November

This year, to stay organized, we structured our code into different classes using object-oriented programming. This means we are not crowding everything into the opmode class and instead having different classes for parts of the robot and then running them in the opmode's runtime loop using their move methods. 

Next Steps:

- Since we have aluminum, I believe our Studica drivetrain can be upgraded to a custom CNC-machined aluminum drivetrain. This would give us greater control over component placement and address the issue of the Studica chassis being so narrow that we currently have to disassemble the wheels and motors—along with the attached mechanisms—whenever adjustments are needed. A custom drivetrain would also help us solve many clearance issues, as we could place parts exactly where we want them, without being restricted by the fixed patterns that Studica provides.

- We have a minor wire management issue; currently, we’re using zip ties to secure the claw wires to the slides to prevent them from dangling and getting caught. However, this is a temporary solution, and the zip ties keep getting cut because they’re positioned near the moving slide strings. To address this, we’ll be reprinting some of the slide inserts to eliminate this problem.

- Our current claw is slightly too small, requiring high precision to pick up samples from the submersible. To improve this, we plan to add a larger claw and possibly a camera on the claw, allowing it to auto adjust to the position of the sample.

- I saw a robot online that can multitask: it picks up a sample from the submersible while scoring a specimen on the high goal, then drops off a sample in the observation zone and picks up a new specimen in the process. This might be an ambitious goal, but with enough tuning, perhaps our robot could achieve this as well.

- We are also creating a driver station to organize the driver hub and controllers.

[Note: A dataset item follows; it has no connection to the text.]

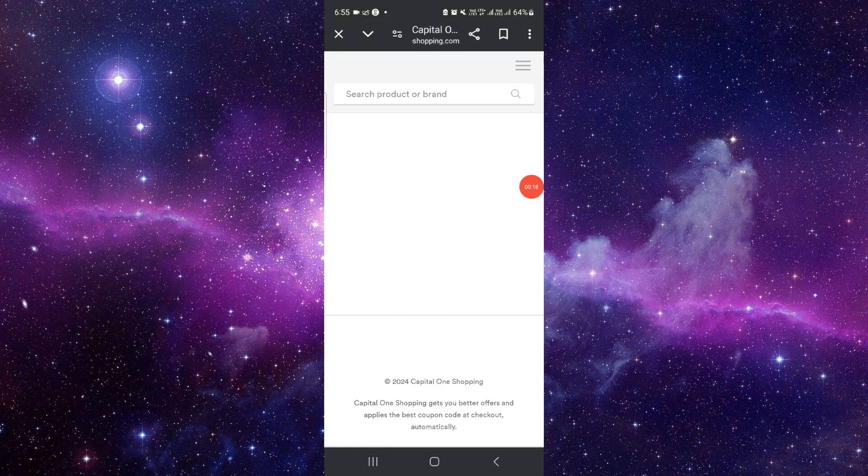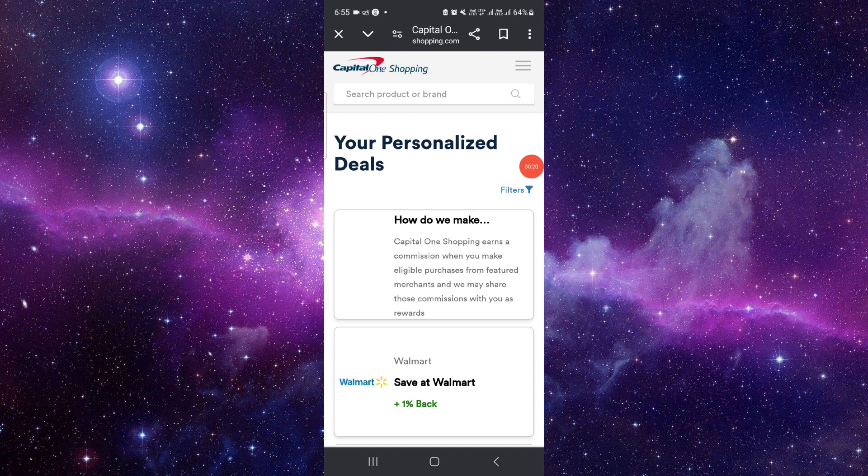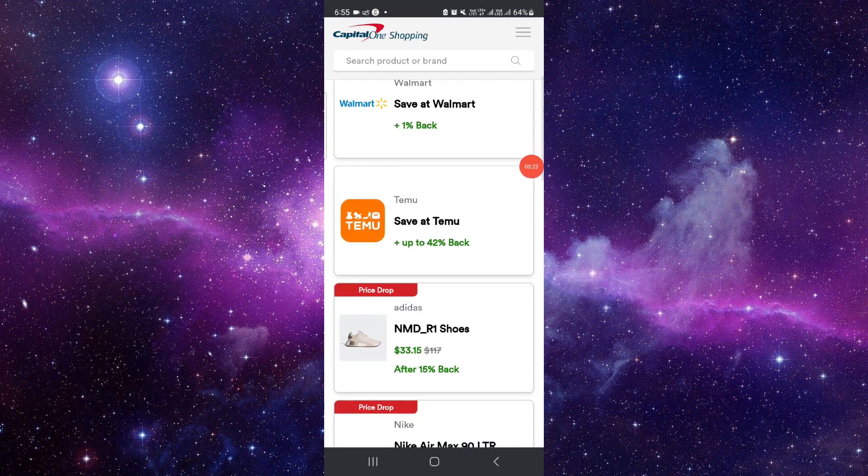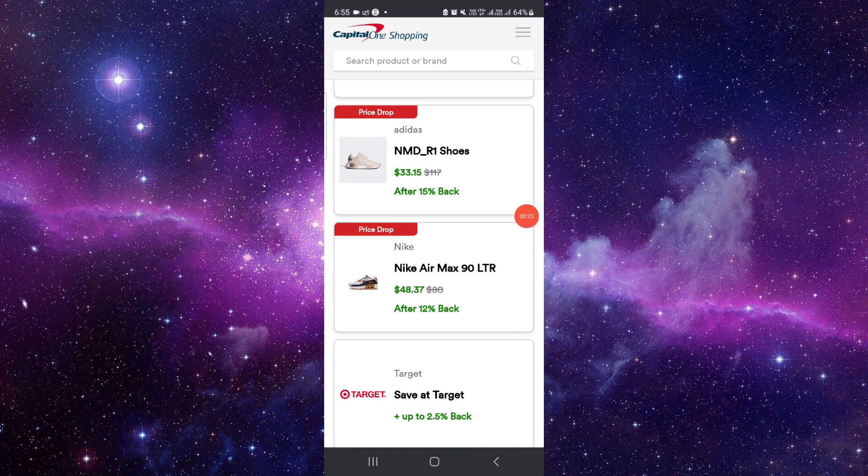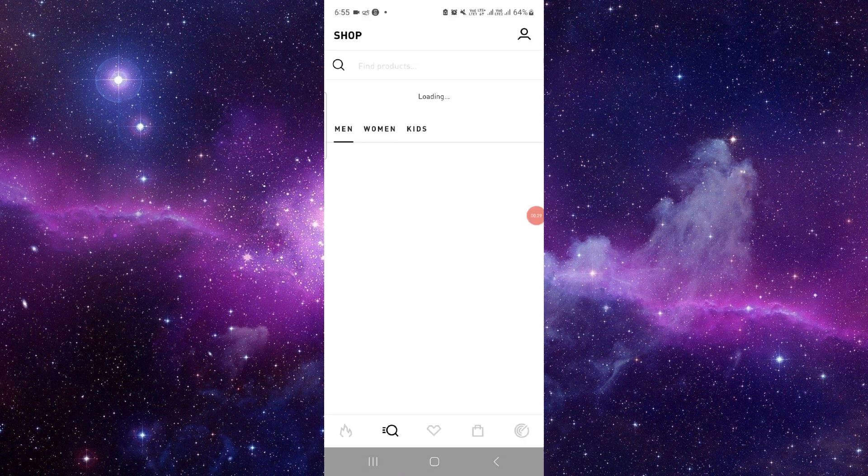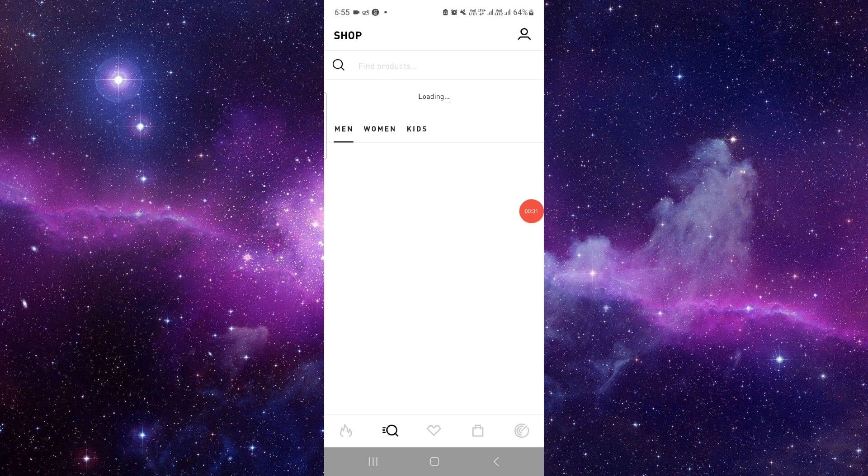So basically, if you're a user of Capital One, they provide you special cashback and discounts. Like this, you can see this is a level for this one discount, so you can buy this using this.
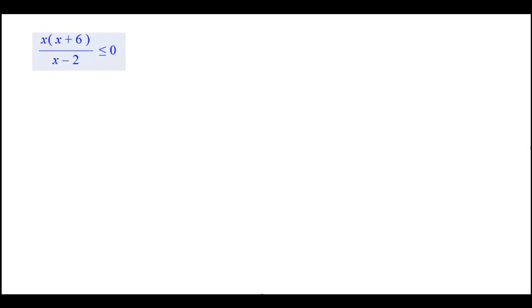What's up, bro? So we got a problem here where we got to figure out when this quotient is less than or equal to zero. Well, I got a technique for that.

When tuning PIDF values for the slides, we accounted for their orientation, whether vertical or horizontal. Since the slides require different PID values at varying angles, we incorporated the F constant with Sin(θ) to adjust the PID values according to the slide’s angle. This concept was also applied to the Pivot motor's PID control. The motor requires the most power when it is horizontal and the least when vertical. By applying Sin(θ) to the motor's power, where θ represents the angle of the slides, we ensured optimal performance.